技量上がらぬ故の腹いせにせず。更にヘイトに堕せずをモットーに。

クルド人の独立運動を学ぶ

2018年09月25日 | 歴史

 トルコのクルド人自治区の住民投票で、クルド人のトルコからの分離独立が90%の信任を受けて1年余りが経過した。

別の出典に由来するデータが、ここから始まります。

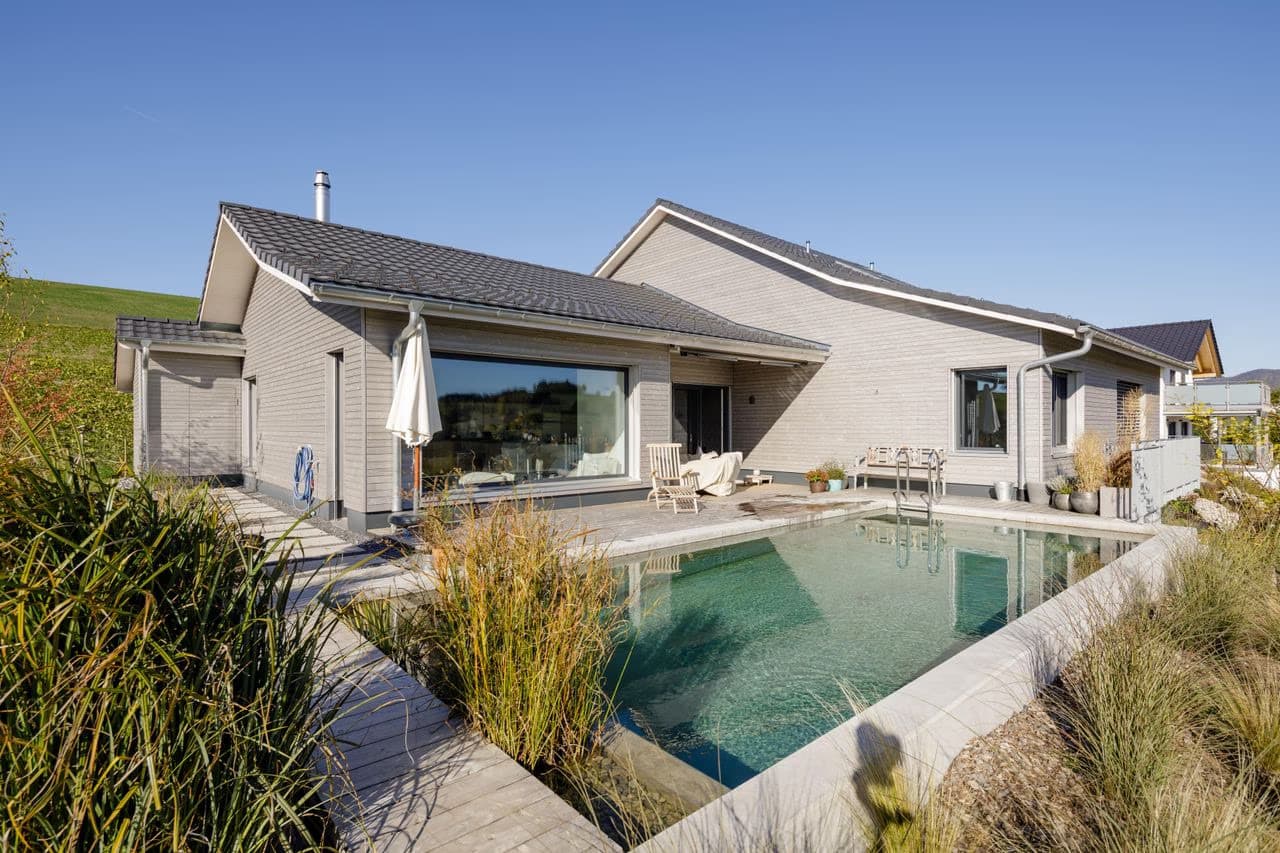 Landhaus mit Pool, Schleitheim (SH), Schweiz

 住民投票前後にはクルド人国家の誕生に期待が寄せられたものの、関係国や列強からの根強い反対を受けて独立はおろか既得の自治権すらも圧迫・縮小されているらしい。この際にと思いクルド人について調べてみた。現在、クルド人が多く居住している地域は旧オスマントルコ領であったが、第一次世界大戦でオスマン帝国が消失した結果、英仏露によって引かれた恣意的な国境線でトルコ、イラン、シリアなどに分断されたものである。その後、第二次世界大戦後の1946年にソ連の後押しによって、現在のイラン北西部にクルディスタン共和国として一時的に樹立されたが、中東の混乱を嫌うとともに戦勝に寄与しなかったクルド人国家ということで西側連合国を始めとする国際的な承認は得られずに現在の状態に至っている。クルド人は、国連の推計で3000万人以上とされており、カナダの国民数にも匹敵する世界最大の流浪の民とも称されているが、ほぼ同時期に2回の世界大戦勝利に貢献したユダヤ人が連合国の後押しによってイスラエル建国をなし得たのとは対照的である。イラクとシリアがクルド人とクルド人独立運動に対して化学兵器さえ使用して弾圧を加えていることは確実視されているので、国連人種差別撤廃委員会がクルド人の問題に対してどのような対応を取っているかと調べてみたが確たるものは見つけることができなかった。ここで同委員会の気になる決議を発見した。それは、韓国や北朝鮮のように単一民族で構成される国は人種差別国家として非難していることである。これは多民族国家であれば国家内で人種差別が横行しても委員会の与り知らぬところとするものであり、ウイグル族やチベット族を抱える中国は人種差別のない国と認めていることに他ならない。これでは、同委員会がウイグル人やクルド人に対する差別・人権無視・弾圧に対して中国をはじめとする関係国に是正勧告を出さない理由が理解できた。現在進行形で生々しい政治が絡む人種差別に対しては無力であることを自認しつつ実績を誇示しようとするならば、発言力の弱い日本に対して慰安婦や在日朝鮮人問題を取り上げて是正勧告を繰り返す背景を見たような気がする。人種差別と言えば南アのアパルトヘイト政策やアメリカの公民権運動等が思い起こされるが、現在でもイギリスの北アイルランド紛争に見られるように人種差別に起因する分離独立運動は、先進国を含めて世界中に見られる現象である。

 クルド人問題を知ろうとしたことが、国連人種差別撤廃委員会の『単一民族による新国家樹立は人種差別であるために容認できないので、迫害を受けている民族は現体制下で耐え忍んで下さい。数十年後においてその事実が歴史となった時点で是正勧告をしてあげます』という退嬰的な現実を知る結果となってしまった。